Dataset records:
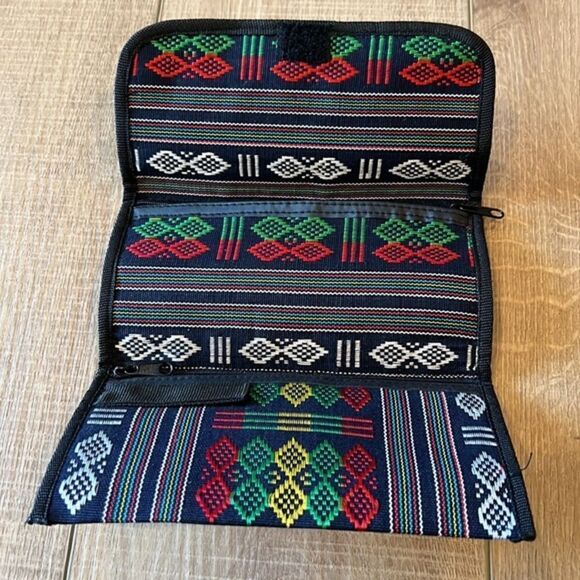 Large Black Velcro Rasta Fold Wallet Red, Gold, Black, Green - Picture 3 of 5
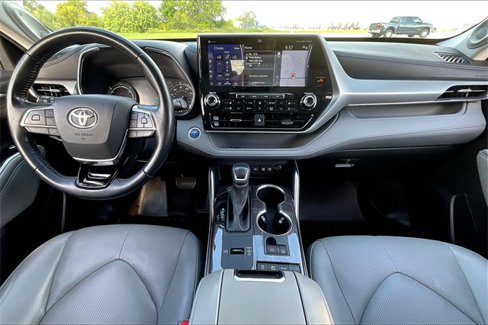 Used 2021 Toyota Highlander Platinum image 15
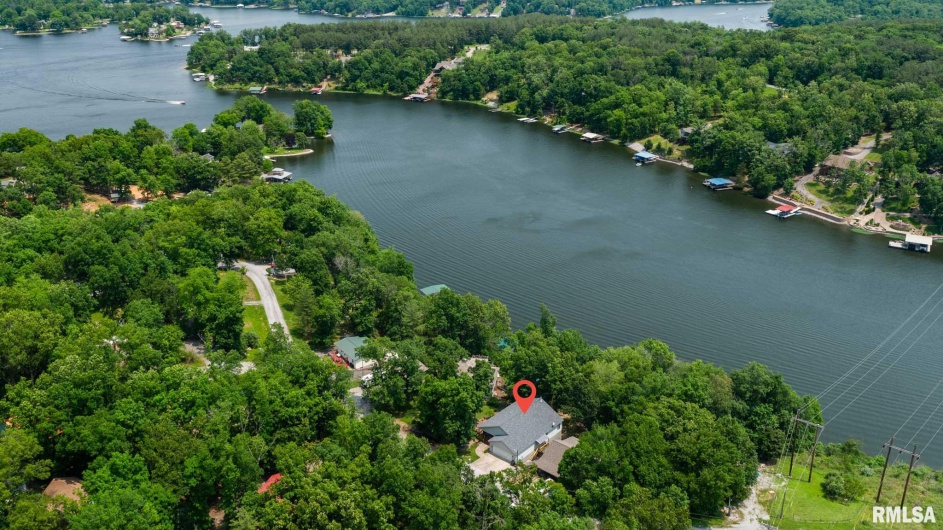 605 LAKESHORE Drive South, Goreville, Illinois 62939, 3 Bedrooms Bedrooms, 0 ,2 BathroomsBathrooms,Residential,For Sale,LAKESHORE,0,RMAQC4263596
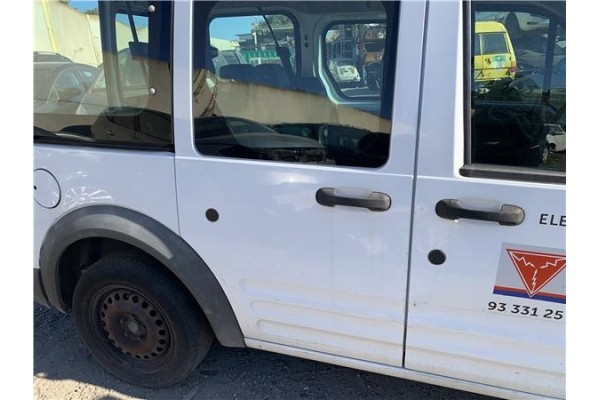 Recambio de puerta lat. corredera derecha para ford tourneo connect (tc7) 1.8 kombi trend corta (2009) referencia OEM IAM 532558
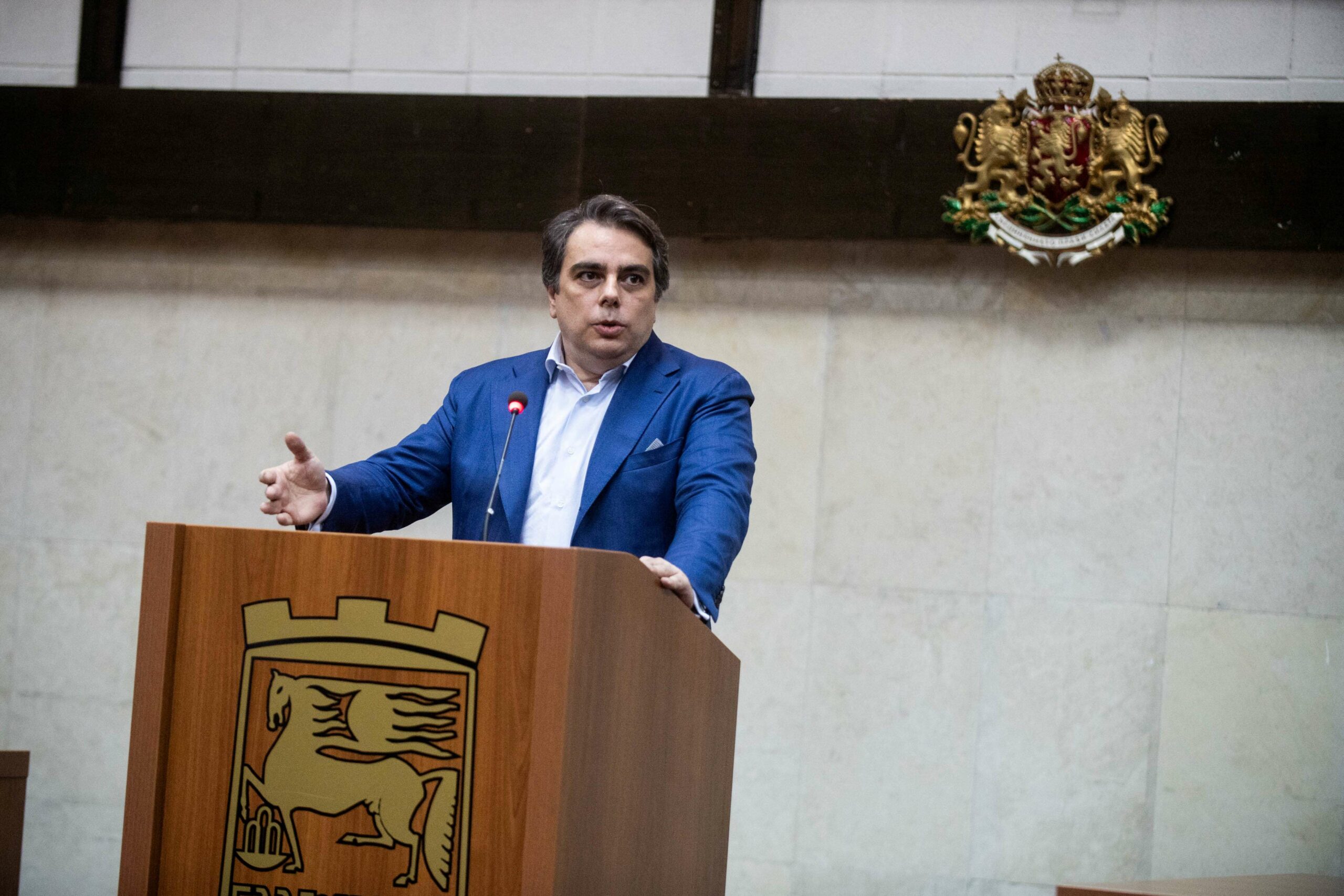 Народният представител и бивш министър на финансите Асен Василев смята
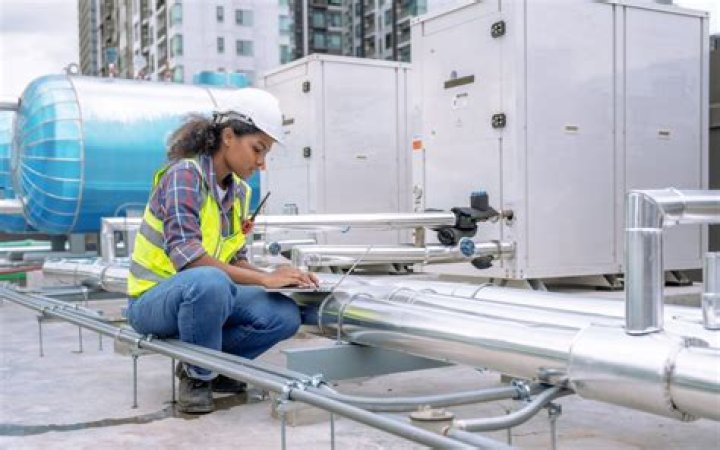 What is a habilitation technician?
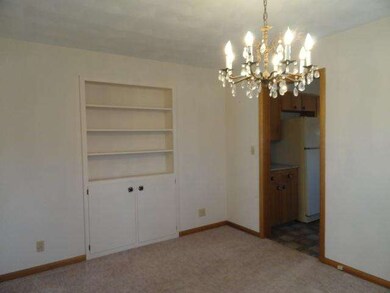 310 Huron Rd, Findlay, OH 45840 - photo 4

== Task details ==
Every entry should be returned exactly as written, minus the pictures.

== Task output ==
 Large Black Velcro Rasta Fold Wallet Red, Gold, Black, Green - Picture 3 of 5
 Used 2021 Toyota Highlander Platinum image 15
 605 LAKESHORE Drive South, Goreville, Illinois 62939, 3 Bedrooms Bedrooms, 0 ,2 BathroomsBathrooms,Residential,For Sale,LAKESHORE,0,RMAQC4263596
 Recambio de puerta lat. corredera derecha para ford tourneo connect (tc7) 1.8 kombi trend corta (2009) referencia OEM IAM 532558
 Народният представител и бивш министър на финансите Асен Василев смята
 What is a habilitation technician?
 310 Huron Rd, Findlay, OH 45840 - photo 4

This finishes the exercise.